Management to discuss report on suspended lecturer this month
Management of the University of Guyana (UG), later this month, is set to discuss a report which a special body has prepared involving a lecturer who was suspended last year following allegations of misconduct.
Yesterday, UG Registrar, Vincent Alexander, confirmed that the matter is on the agenda for the UG Council some time this month.
The report of the Special Committee was handed in to the Council earlier this year after the body started work in the last quarter of 2009 following complaints by several students that the lecturer, Evan Persaud, was engaging in behaviour unsuitable to the policies of the campus.
Yesterday, a senior UG official, who asked not to be named, said that the process to investigate Persaud was taking too long and that there should be some early decision which will either vindicate him or have him face some other disciplinary action.
“The report, from all indications, found that there was not enough evidence of wrongdoing on Persaud’s part,” the UG official also said yesterday.
Contacted also, Pro-Chancellor, Prem Misir, would only say that the report was completed in March and submitted since then to the UG management. “While it would have been appropriate to expedite the decision of this Special Committee’s report, the UG Council has not met since March and therefore the due process has been delayed.”
However, Alexander would not comment on the report.
Sitting on the Special Committee were Megayla Austin, of the Ministry of Foreign Affairs; Sean Richmond of the Guyana Revenue Authority; Dr. Thomas Singh of UG; Dr. Kissoon of GuySuCo; and Barbara Thomas-Holder also of UG.
Persaud, a Faculty of Technology lecturer for over 12 years, faced a Panel of Inquiry last year, after complaints were launched over his teaching style.
One of his students reported to the Turkeyen Police Station that Persaud, while at UG, threatened to shoot him.
The student also gave a statement submitted.
Persaud has not been allowed to lecture since UG re-opened in September.
Dean of the Faculty, Sherwood Lowe, had assumed his classes in the interim, reports said.

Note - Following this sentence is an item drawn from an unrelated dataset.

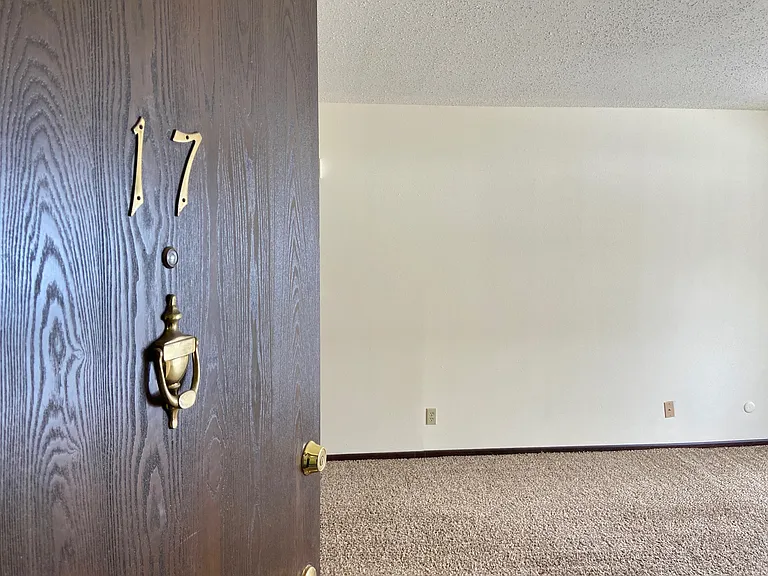 Windsor Crest Apartments — Photo 61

Following several verbal reports and letters by students earlier in 2009, UG Registrar, Vincent Alexander, had appointed a two-member Panel of Inquiry who after investigations, prepared a report that alleged Persaud victimised and threatened students and even held an exam off-campus.

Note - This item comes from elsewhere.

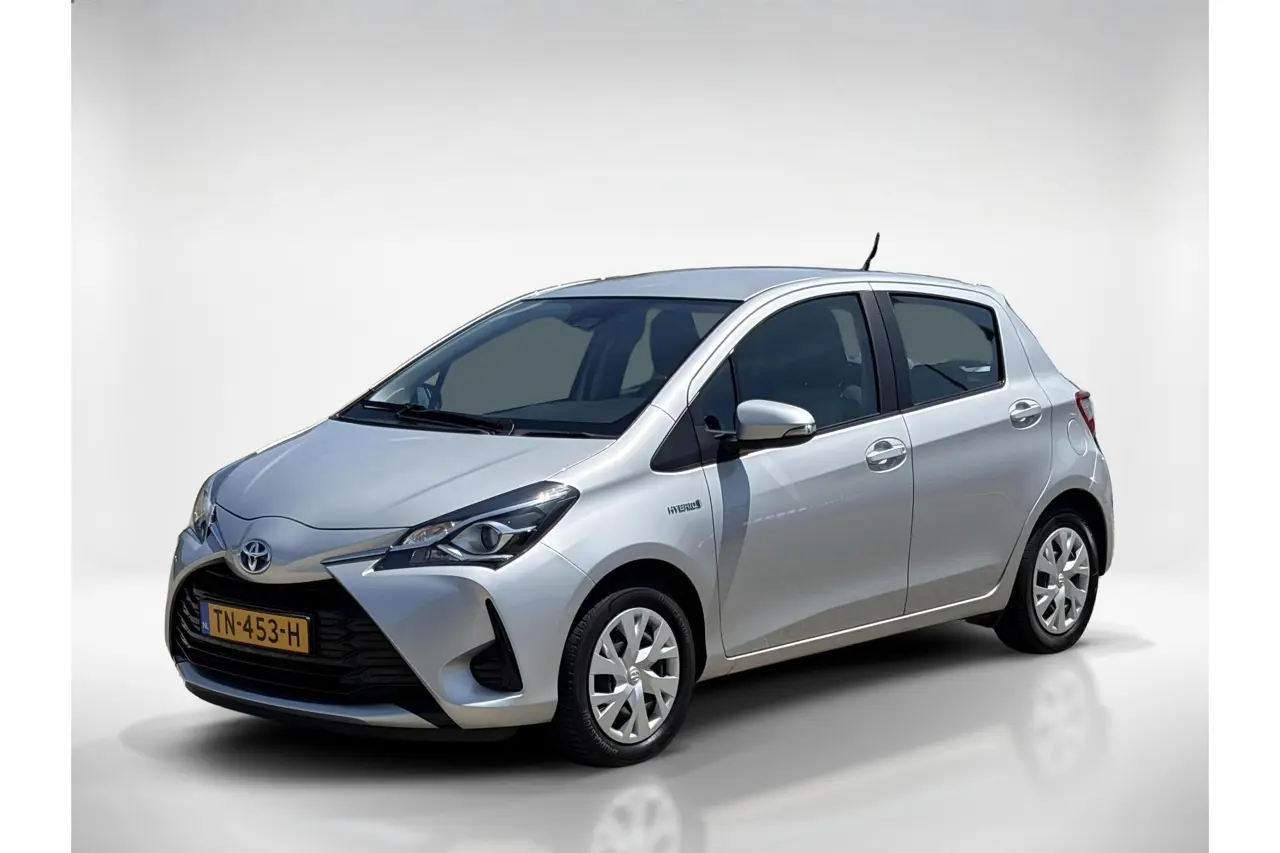 Toyota Yaris 1.5 Hybrid Active 2018, foto 1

Nearly two dozen students, the lecturer and Dean of the Faculty of Technology, Sherwood Lowe, were interviewed before the report was prepared and handed to the UG Council where the decision to terminate him was made.
According to the report, the panel listened to a CD recording of the lecturer during one of his classes in which he was heard cursing and planning to victimise a student who had reported his behaviour to the UG management.
The panel found Persaud guilty of grave misconduct for using profanity in the classroom and in addition, of violating the rights of students by writing directly to Prometheus Resources, a company which sponsors a few students, to terminate their scholarships.
These students were said to be the same ones who reported his misconduct to UG administration, the report says. UG administrators are saying that Persaud bypassed procedures by writing directly to the company.
It was also found that the lecturer acted “in a matter which can be considered inimical to the university’ by holding final exams off campus, “which would affect the quality of the degree offered by the university.”
In its recommendations, the panel called for the termination of Persaud’s contract of employment because he had violated the University Statutes and Code of Conduct for Staff which urges staffers to be aware of their responsibilities and discharge them efficiently and conscientiously.
Eighteen students disclosed that they had done at least one exam at the Russian Embassy, Kitty. However, three students of the 21 said they took part in that and exams were held on campus.
The 18 students said that they had done “fake” final exams on campus but were told by the same three students who had denied writing the exams off-campus that they would meet at another location to “make modifications to their examinations papers.”
According to the report, students said that for this off-campus test, they were given examination questions in advance.
However, the report of Panel of Inquiry was not received lightly and after Persaud appealed the report’s findings and recommendations, the Special Committee was appointed.